Commune in Haute-Savoie, France

Montmin (/fr/; Monmin) is a former commune in the Haute-Savoie department in the Auvergne-Rhône-Alpes region in south-eastern France. On 1 January 2016, it was merged into the new commune of Talloires-Montmin.

Inhabitants of the commune are known as Montminois (male) and Montminoises (female).

==Geography==
The seven hamlets occupy a four-mile long valley which is bordered on the west by Mont Chenevier, and on the east by the impressive and snow-capped Tournette massif. According to locals, Noah's Ark landed at the Col de l'Aulp, whose valley is indeed shaped like a ship; Noah, Biblical father of viticulture, would have planted the lakeside vineyards of Talloires, which produced wines and brandy until the 1950s. The mean elevation of the village is 1000 meters, or 3250 feet above sea level.

==History==
First settled in the early Middle Ages, shortly after the year 1000, the hamlets were farming communities that existed almost entirely independently of the outside world until the advent of modern transportation.

==Tourism==

With the arrival of modern roads and vehicles, Montmin has become a tourist attraction renowned for the scenic Col de la Forclaz mountain pass, one of the premier hang gliding and paragliding sites in Europe. Montmin hosted the 1995 Hang Gliding Championships of France. And in July 1997 Montmin watched the Tour de France bicycle race come through the community, up from Faverges, over the Col de la Forclaz and back down toward Bluffy and the high Alps to the east.

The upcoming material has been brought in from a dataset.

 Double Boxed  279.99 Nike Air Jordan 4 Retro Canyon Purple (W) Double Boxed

Unlike its neighbors in the high Alps (La Clusaz, Megève, etc.), Montmin has not become a vast urbanized winter playground crisscrossed with ski lifts and dotted with large hotels and apartment buildings. Cautious zoning and deliberately limited development have allowed Montmin to retain much of its charm as a quiet agricultural community, even though it is a mere twenty minutes from downtown Annecy.

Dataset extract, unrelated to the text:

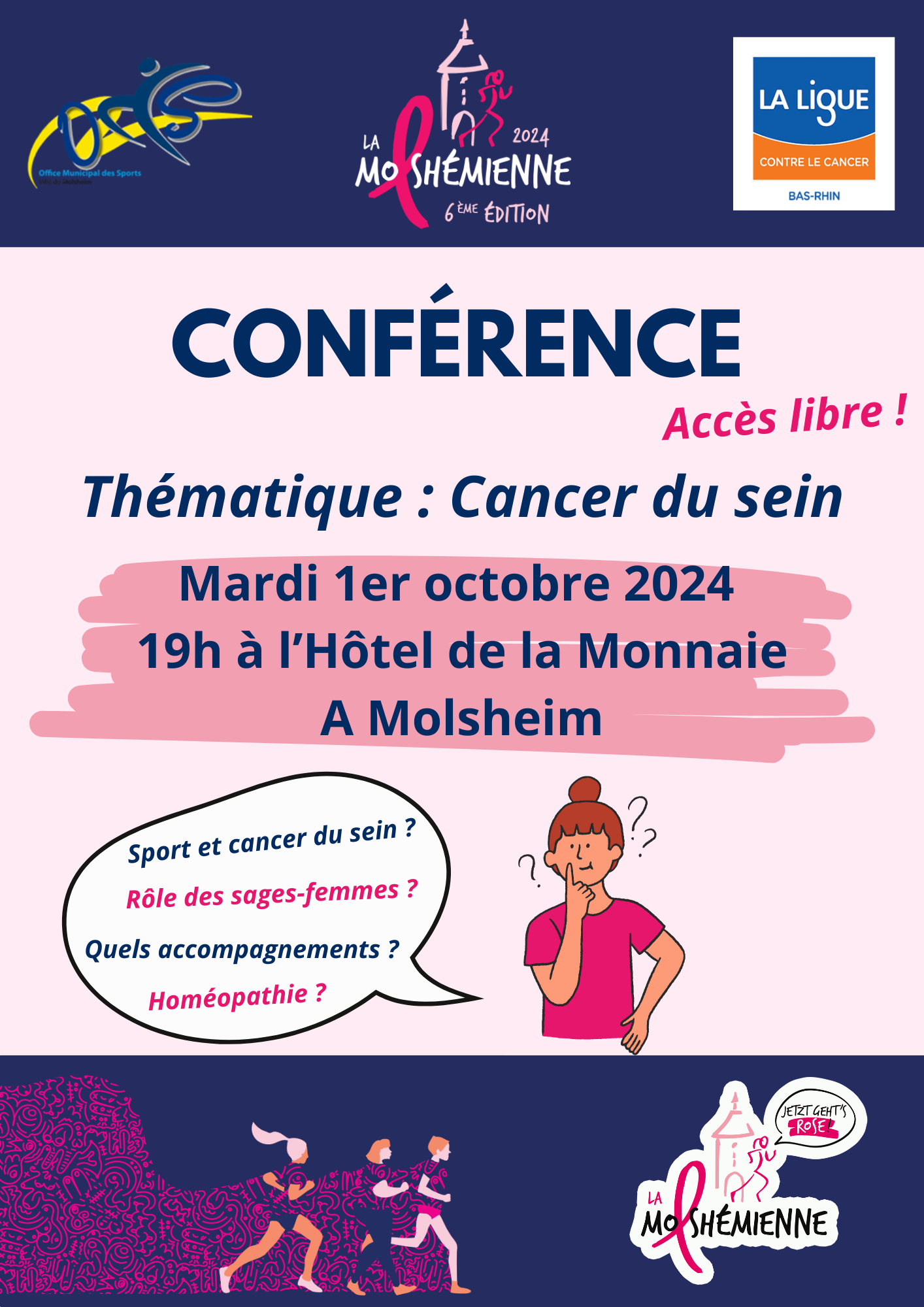 Affiche conférence Molshémienne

In the winter, Montmin's small ski lifts are known as a good place for beginning and intermediate skiers; many of the villagers are certified ski instructors, and many children of the Annecy and Faverges area first learned to ski in Montmin. In the summer, the same lifts are used for summer gliding sports. Montmin's principal claim to fame is as the starting point of several popular hiking trails, including the scenic climb up Mt. Tournette, the tallest of the mountains overlooking Lake Annecy.

A hotel and several restaurants at the Col de la Forclaz mountain pass receive thousands of tourists who come to enjoy the excellent view of Lake Annecy. These facilities offer comfortable accommodations and traditional Savoy country cooking.

==Miscellaneous==
The local cheese dairy farms produce the renowned Tomme and Reblochon cheeses for which the area is famous.

At the dawn of the 21st century, Montmin's population is beginning to grow again as the village finds a new role as a dormitory for the cities of Annecy and Faverges, though it retains much of its rustic charm.